> [Required action]:
Find the line in the entries below that contains "因韦克弗约德酒店(Innvik Fjordhotell)图片". Repeat it exactly, and every line after it through the line that contains "112 Lillian Drive, West".

> [Data to use]:
◇ ◇ ◇

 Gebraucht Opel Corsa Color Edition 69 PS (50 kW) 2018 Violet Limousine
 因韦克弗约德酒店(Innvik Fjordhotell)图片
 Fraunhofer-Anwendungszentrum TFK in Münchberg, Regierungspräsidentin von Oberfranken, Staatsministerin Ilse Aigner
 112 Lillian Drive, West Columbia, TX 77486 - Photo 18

◇ ◇ ◇

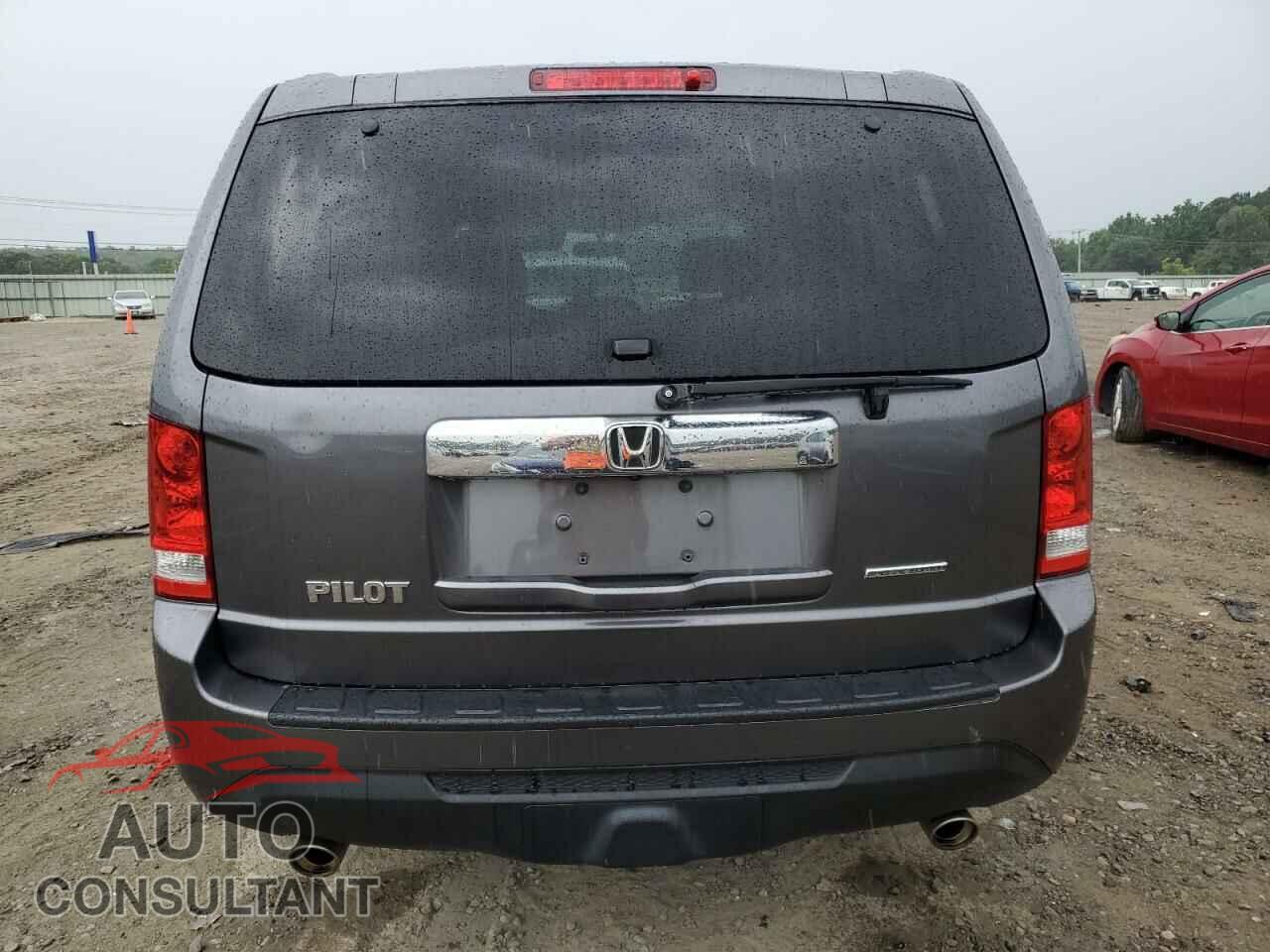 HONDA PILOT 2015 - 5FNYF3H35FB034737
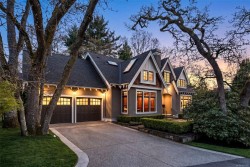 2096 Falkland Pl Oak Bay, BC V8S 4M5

◇ ◇ ◇

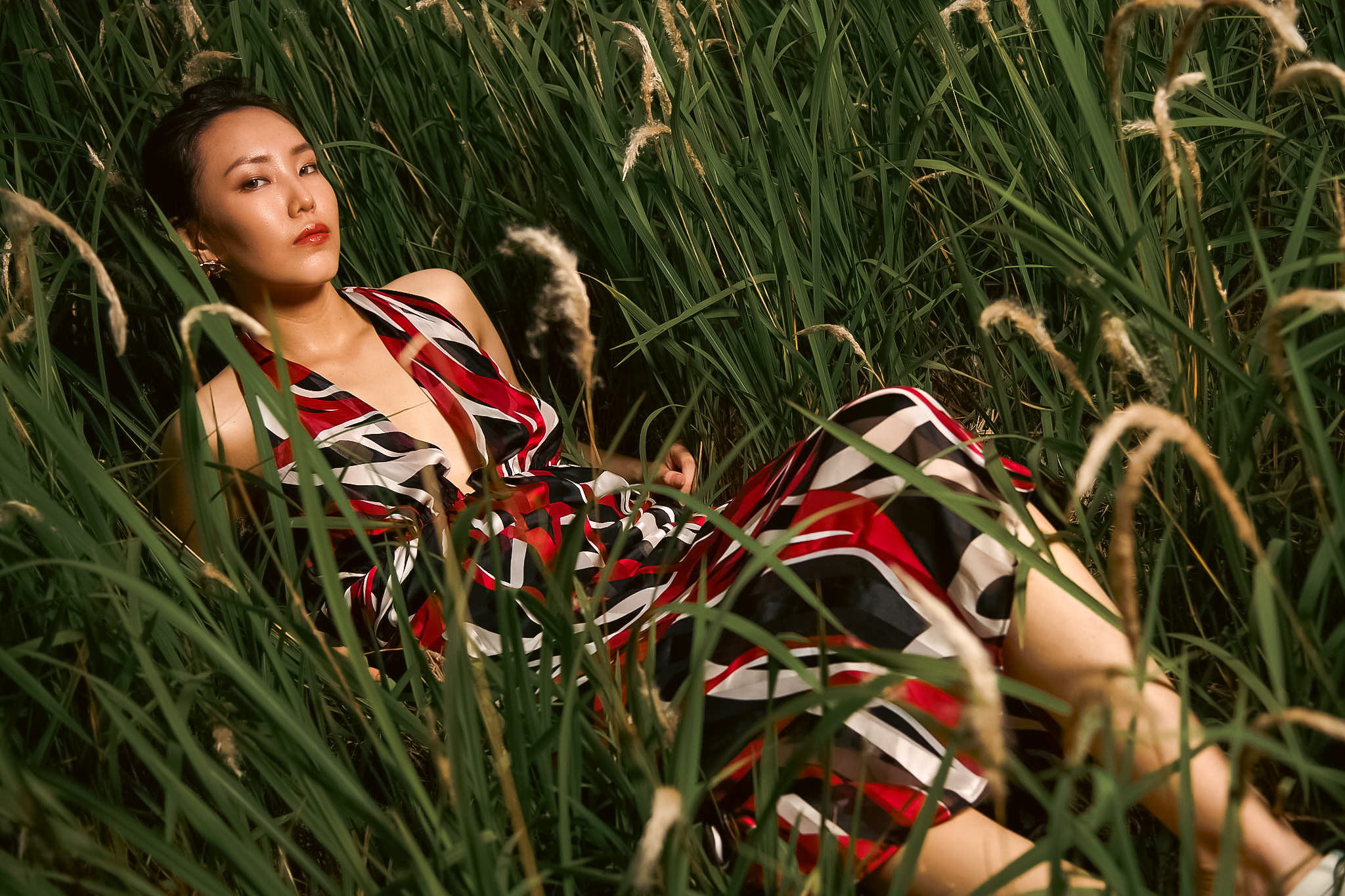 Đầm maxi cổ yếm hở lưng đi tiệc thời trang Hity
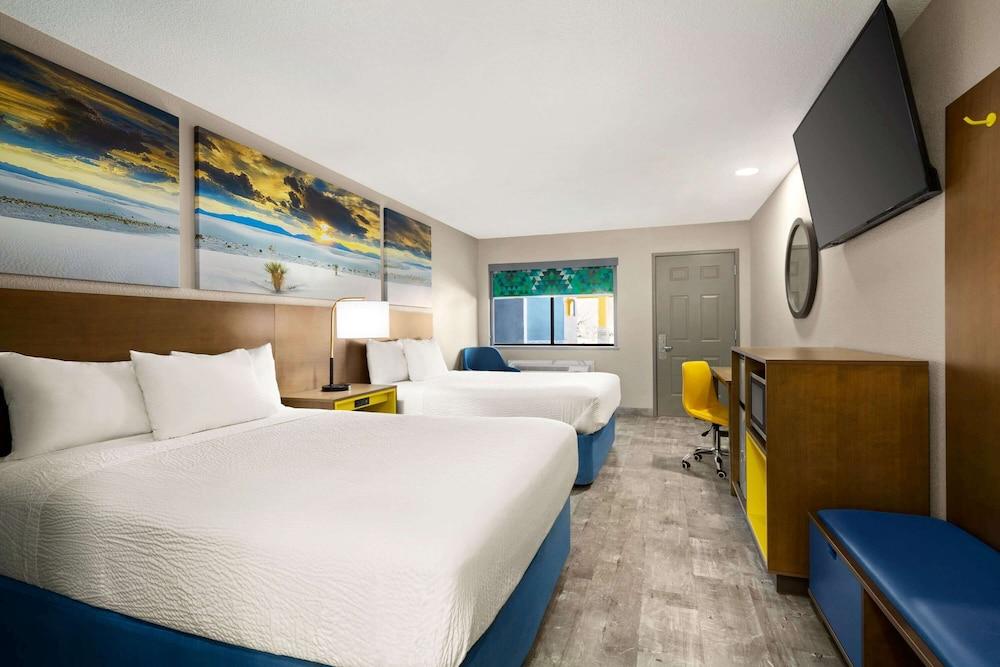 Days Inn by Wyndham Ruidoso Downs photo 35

◇ ◇ ◇

> [Task result]:
 因韦克弗约德酒店(Innvik Fjordhotell)图片
 Fraunhofer-Anwendungszentrum TFK in Münchberg, Regierungspräsidentin von Oberfranken, Staatsministerin Ilse Aigner
 112 Lillian Drive, West Columbia, TX 77486 - Photo 18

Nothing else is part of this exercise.